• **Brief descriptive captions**
++++

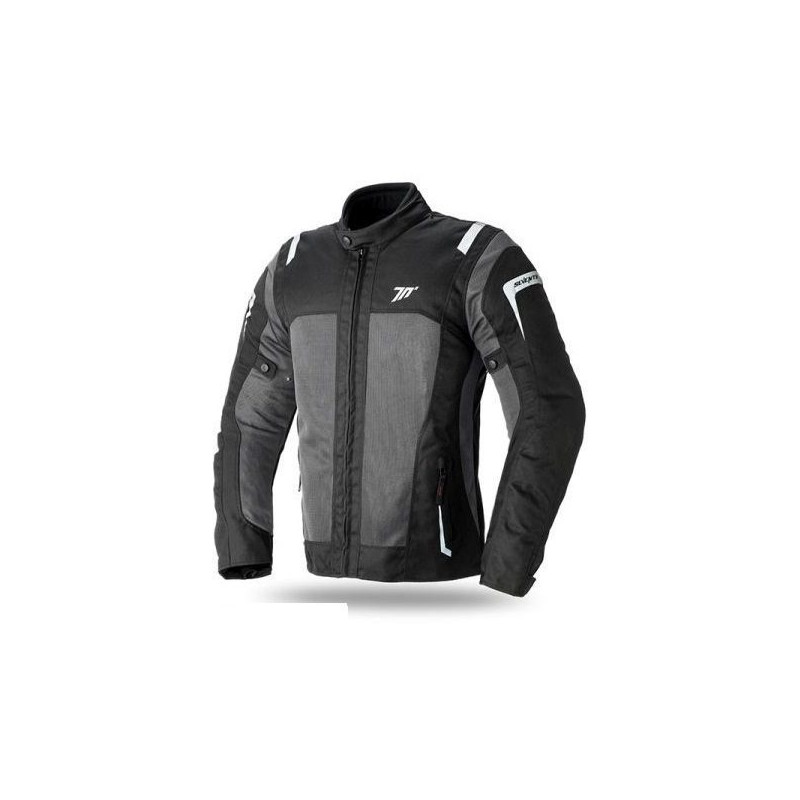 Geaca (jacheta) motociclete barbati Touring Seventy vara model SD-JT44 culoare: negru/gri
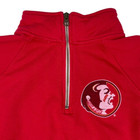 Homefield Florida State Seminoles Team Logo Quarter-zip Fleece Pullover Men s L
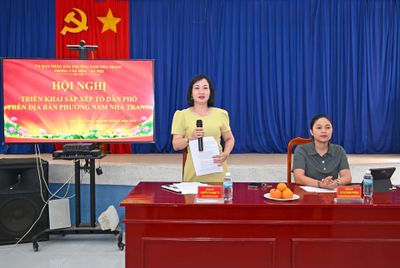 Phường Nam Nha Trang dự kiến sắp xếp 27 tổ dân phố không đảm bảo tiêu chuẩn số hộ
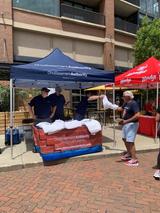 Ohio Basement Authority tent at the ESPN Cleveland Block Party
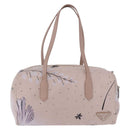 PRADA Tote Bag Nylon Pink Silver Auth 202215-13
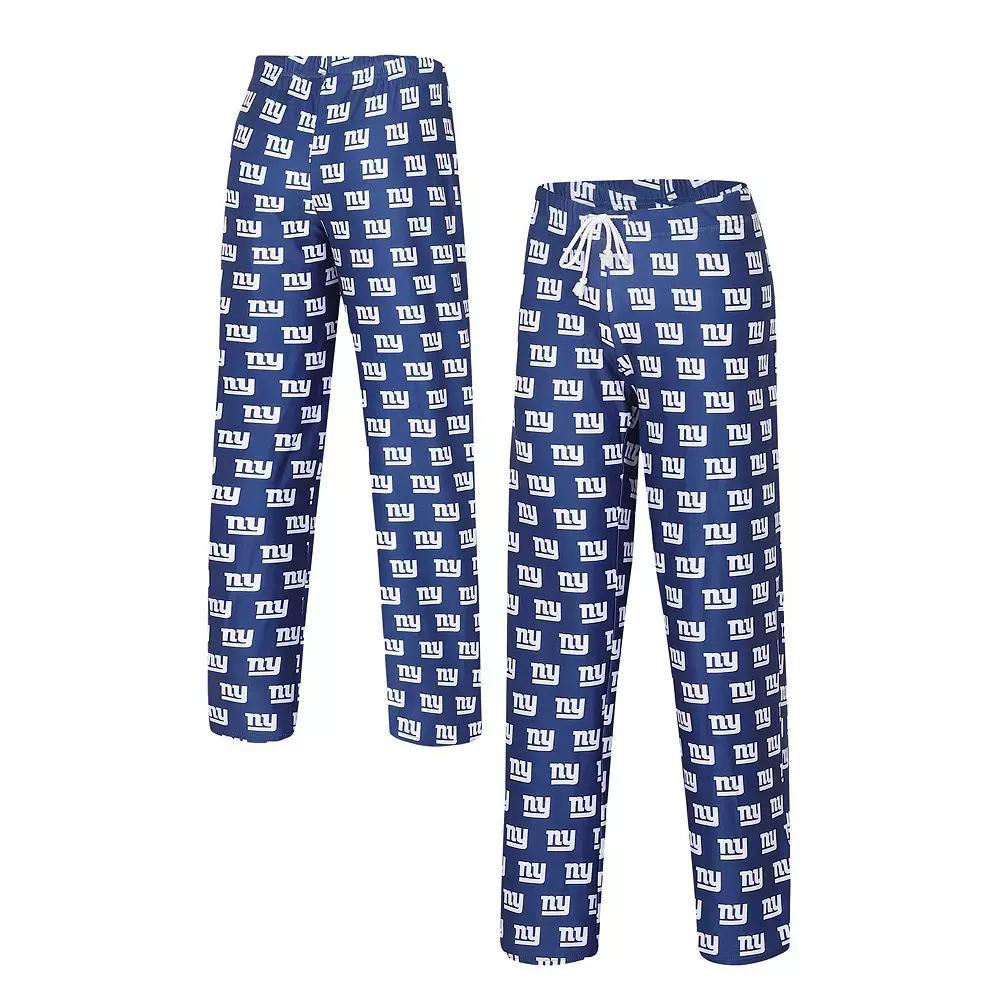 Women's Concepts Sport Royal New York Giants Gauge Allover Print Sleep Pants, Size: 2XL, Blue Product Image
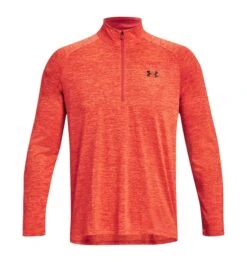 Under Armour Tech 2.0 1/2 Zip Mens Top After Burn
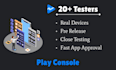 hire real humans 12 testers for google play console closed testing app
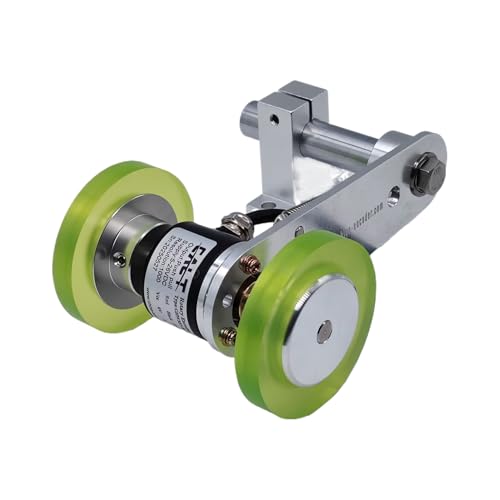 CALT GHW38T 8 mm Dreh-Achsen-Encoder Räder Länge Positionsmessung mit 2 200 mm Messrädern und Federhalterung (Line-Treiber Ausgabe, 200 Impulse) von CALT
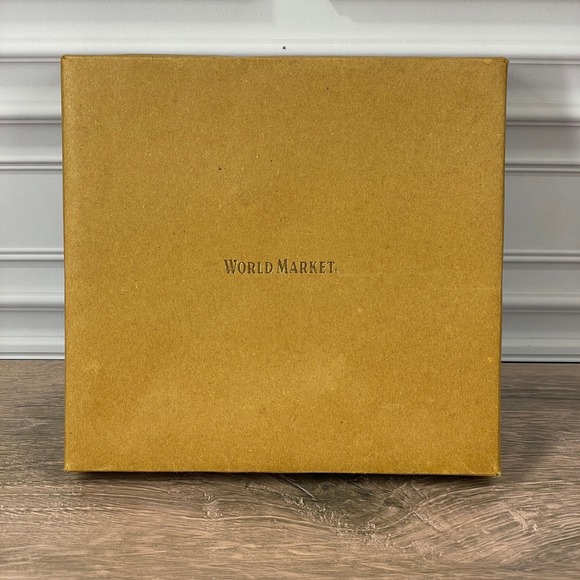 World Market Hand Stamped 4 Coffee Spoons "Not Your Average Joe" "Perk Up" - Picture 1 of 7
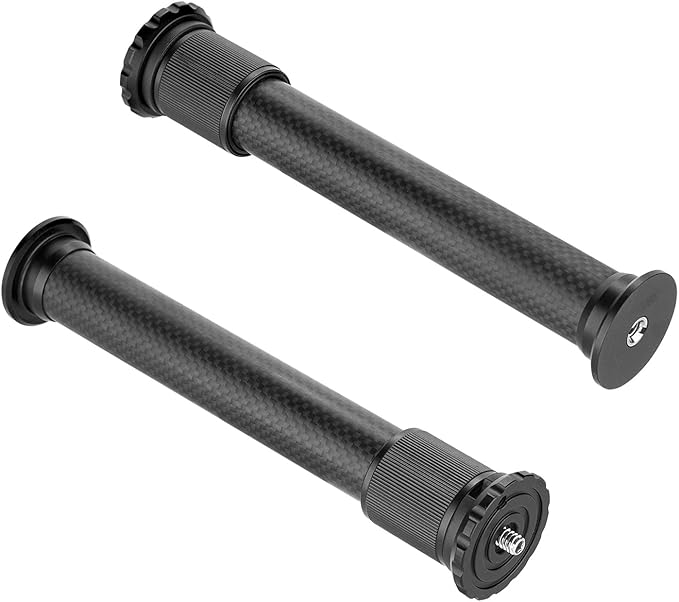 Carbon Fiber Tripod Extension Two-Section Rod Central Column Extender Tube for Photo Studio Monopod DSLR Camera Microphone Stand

++++

• **Work task**
Set down the entries exactly as they appear, with every picture left out.

• **Written answer**
 Geaca (jacheta) motociclete barbati Touring Seventy vara model SD-JT44 culoare: negru/gri
 Homefield Florida State Seminoles Team Logo Quarter-zip Fleece Pullover Men s L
 Phường Nam Nha Trang dự kiến sắp xếp 27 tổ dân phố không đảm bảo tiêu chuẩn số hộ
 Ohio Basement Authority tent at the ESPN Cleveland Block Party
 PRADA Tote Bag Nylon Pink Silver Auth 202215-13
 Women's Concepts Sport Royal New York Giants Gauge Allover Print Sleep Pants, Size: 2XL, Blue Product Image
 Under Armour Tech 2.0 1/2 Zip Mens Top After Burn
 hire real humans 12 testers for google play console closed testing app
 CALT GHW38T 8 mm Dreh-Achsen-Encoder Räder Länge Positionsmessung mit 2 200 mm Messrädern und Federhalterung (Line-Treiber Ausgabe, 200 Impulse) von CALT
 World Market Hand Stamped 4 Coffee Spoons "Not Your Average Joe" "Perk Up" - Picture 1 of 7
 Carbon Fiber Tripod Extension Two-Section Rod Central Column Extender Tube for Photo Studio Monopod DSLR Camera Microphone Stand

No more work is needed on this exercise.